Durante muitos anos, uma das perguntas mais difíceis da prevenção cardiovascular foi: vale a pena iniciar estatina depois dos 70 anos em alguém que nunca teve infarto ou AVC? A resposta ficou mais informada em 2026 com a publicação do estudo STAREE, um grande ensaio clínico randomizado dedicado justamente a adultos mais velhos em prevenção primária.
O estudo mostrou redução importante de eventos cardiovasculares maiores com atorvastatina em pessoas com 70 anos ou mais sem doença cardiovascular conhecida.
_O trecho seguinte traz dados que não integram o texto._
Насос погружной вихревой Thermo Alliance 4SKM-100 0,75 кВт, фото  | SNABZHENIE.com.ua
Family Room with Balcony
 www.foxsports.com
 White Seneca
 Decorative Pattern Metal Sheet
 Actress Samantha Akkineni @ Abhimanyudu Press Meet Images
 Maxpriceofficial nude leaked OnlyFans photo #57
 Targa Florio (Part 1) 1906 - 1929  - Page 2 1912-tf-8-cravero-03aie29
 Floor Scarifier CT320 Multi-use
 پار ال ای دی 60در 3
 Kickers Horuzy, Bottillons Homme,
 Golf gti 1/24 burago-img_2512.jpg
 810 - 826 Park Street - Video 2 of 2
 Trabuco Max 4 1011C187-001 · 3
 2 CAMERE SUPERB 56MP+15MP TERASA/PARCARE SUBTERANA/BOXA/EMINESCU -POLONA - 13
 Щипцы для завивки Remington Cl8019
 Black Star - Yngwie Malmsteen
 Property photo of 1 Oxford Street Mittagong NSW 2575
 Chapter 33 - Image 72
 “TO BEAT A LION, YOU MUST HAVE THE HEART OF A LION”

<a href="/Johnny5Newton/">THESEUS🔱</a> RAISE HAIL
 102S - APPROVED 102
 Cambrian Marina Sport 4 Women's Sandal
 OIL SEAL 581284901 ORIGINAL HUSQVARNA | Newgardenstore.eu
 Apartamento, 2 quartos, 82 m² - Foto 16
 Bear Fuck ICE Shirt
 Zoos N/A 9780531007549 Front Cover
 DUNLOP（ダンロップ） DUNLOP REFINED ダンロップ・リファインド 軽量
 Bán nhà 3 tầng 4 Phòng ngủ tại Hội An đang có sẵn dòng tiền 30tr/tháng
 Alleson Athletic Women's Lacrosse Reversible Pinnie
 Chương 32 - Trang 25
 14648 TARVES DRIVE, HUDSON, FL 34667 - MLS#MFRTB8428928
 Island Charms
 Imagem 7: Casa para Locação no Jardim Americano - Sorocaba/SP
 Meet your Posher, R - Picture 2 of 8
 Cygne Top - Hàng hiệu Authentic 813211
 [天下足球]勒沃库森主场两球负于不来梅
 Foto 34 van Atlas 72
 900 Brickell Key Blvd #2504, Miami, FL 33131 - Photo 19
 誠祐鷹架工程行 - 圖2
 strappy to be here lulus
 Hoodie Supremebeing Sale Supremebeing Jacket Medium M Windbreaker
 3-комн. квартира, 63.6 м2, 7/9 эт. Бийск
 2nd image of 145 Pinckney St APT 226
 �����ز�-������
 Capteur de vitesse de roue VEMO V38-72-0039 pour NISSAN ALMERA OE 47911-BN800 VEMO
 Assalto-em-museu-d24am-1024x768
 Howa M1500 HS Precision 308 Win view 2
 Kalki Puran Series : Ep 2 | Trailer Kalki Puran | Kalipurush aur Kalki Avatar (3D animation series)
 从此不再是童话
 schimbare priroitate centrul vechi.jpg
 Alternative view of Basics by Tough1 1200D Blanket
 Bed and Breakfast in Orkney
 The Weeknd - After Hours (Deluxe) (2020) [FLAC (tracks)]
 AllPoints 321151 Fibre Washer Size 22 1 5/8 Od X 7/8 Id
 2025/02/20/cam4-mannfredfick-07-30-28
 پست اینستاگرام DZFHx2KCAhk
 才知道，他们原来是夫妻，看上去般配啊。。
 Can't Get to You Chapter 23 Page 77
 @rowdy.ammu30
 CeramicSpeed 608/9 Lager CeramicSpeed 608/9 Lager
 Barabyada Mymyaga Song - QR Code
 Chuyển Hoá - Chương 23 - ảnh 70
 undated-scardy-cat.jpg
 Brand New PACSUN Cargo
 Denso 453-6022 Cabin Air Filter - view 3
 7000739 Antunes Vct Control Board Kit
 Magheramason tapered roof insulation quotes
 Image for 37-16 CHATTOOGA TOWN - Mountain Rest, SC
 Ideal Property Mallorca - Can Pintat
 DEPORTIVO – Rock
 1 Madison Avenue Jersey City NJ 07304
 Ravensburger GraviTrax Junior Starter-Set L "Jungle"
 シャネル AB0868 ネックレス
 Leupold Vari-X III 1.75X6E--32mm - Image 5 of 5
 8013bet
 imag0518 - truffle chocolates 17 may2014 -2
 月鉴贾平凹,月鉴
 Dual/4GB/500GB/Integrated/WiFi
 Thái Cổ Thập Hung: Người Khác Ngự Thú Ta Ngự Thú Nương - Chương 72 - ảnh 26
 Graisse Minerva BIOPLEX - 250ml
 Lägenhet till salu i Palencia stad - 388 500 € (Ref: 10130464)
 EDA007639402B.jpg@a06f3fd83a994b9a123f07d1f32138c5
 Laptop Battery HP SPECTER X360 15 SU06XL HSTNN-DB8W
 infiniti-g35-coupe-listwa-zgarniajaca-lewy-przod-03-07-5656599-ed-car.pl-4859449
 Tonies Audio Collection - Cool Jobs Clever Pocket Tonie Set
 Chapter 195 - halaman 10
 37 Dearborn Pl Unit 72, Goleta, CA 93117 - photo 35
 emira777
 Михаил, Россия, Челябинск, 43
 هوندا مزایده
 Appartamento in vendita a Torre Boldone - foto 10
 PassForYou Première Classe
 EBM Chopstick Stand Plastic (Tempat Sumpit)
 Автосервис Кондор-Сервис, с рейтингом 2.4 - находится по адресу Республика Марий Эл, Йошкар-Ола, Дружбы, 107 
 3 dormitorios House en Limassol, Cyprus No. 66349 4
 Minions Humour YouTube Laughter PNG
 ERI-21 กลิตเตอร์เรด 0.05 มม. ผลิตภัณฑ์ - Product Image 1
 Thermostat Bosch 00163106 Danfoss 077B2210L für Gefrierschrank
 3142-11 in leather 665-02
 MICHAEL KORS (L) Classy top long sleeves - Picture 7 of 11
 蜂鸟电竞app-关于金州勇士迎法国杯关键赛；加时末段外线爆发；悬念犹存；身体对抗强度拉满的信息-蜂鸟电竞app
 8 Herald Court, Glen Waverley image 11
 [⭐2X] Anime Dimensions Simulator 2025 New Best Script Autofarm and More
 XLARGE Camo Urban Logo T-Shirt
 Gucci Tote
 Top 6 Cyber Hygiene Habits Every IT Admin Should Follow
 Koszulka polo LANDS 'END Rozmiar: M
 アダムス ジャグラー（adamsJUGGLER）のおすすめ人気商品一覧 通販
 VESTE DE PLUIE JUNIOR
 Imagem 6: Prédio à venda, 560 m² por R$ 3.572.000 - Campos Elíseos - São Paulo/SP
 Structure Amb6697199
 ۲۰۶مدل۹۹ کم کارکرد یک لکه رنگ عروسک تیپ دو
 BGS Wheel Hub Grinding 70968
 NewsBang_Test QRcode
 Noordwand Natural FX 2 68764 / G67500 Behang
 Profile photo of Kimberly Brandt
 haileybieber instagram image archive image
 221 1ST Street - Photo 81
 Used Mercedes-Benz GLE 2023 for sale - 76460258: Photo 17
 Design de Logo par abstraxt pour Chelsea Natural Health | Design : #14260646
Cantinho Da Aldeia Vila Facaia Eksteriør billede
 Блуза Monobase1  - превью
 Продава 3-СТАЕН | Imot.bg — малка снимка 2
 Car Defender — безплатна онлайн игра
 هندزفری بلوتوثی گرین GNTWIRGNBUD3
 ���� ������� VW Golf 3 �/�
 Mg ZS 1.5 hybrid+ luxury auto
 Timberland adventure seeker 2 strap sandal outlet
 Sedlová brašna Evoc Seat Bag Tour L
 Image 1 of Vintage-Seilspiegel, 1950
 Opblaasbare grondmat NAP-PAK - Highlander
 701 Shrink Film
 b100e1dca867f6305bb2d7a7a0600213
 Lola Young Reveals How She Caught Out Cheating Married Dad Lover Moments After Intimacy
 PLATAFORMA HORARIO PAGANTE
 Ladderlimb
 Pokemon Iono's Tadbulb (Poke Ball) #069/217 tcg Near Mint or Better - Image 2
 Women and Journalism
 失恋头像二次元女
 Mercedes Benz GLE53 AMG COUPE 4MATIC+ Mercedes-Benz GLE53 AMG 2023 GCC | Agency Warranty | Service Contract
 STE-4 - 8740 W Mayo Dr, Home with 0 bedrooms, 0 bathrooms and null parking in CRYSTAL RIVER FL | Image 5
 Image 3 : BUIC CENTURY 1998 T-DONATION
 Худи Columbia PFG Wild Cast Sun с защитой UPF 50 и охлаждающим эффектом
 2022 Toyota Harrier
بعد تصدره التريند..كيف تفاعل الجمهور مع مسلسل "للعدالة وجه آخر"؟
Ao mesmo tempo, não mostrou aumento estatisticamente significativo da sobrevida livre de incapacidade, um desfecho que incluía morte, demência ou incapacidade física persistente.
Isso não significa que “todo idoso precisa tomar estatina” nem que “estatina não melhora o que importa”. Significa que benefício cardiovascular e objetivo geriátrico precisam ser interpretados juntos.
Primeiro: prevenção primária não é prevenção secundária
Essa distinção muda quase toda a conversa.
Prevenção primária é tentar evitar o primeiro evento cardiovascular em alguém que nunca teve infarto, AVC ou outra doença aterosclerótica clínica.
Prevenção secundária é reduzir o risco de novos eventos em quem já teve doença cardiovascular estabelecida. Nesse segundo cenário, a evidência para reduzir colesterol com estatinas é mais consolidada, e o STAREE não foi desenhado para questioná-la.
Portanto, uma pessoa com 78 anos que já teve infarto não deve interpretar este estudo como motivo para suspender seu tratamento. E alguém de 72 anos sem doença cardiovascular também não deve iniciar uma medicação sozinho porque leu que houve “redução de 30%”.
O que foi o estudo STAREE?
O STAREE foi um ensaio duplo-cego, randomizado e controlado por placebo conduzido na Austrália. Participaram 9.971 pessoas com pelo menos 70 anos, vivendo na comunidade, sem história clínica de doença cardiovascular, diabetes ou demência no início.
A idade média foi de aproximadamente 75 anos, e o acompanhamento mediano durou 5,9 anos.
O estudo avaliou dois grandes objetivos. Um deles foi a ocorrência de eventos cardiovasculares maiores, como morte cardiovascular, infarto não fatal, AVC ou necessidade de revascularização. O outro foi a chamada sobrevida livre de incapacidade, composta por morte por qualquer causa, demência ou incapacidade física persistente.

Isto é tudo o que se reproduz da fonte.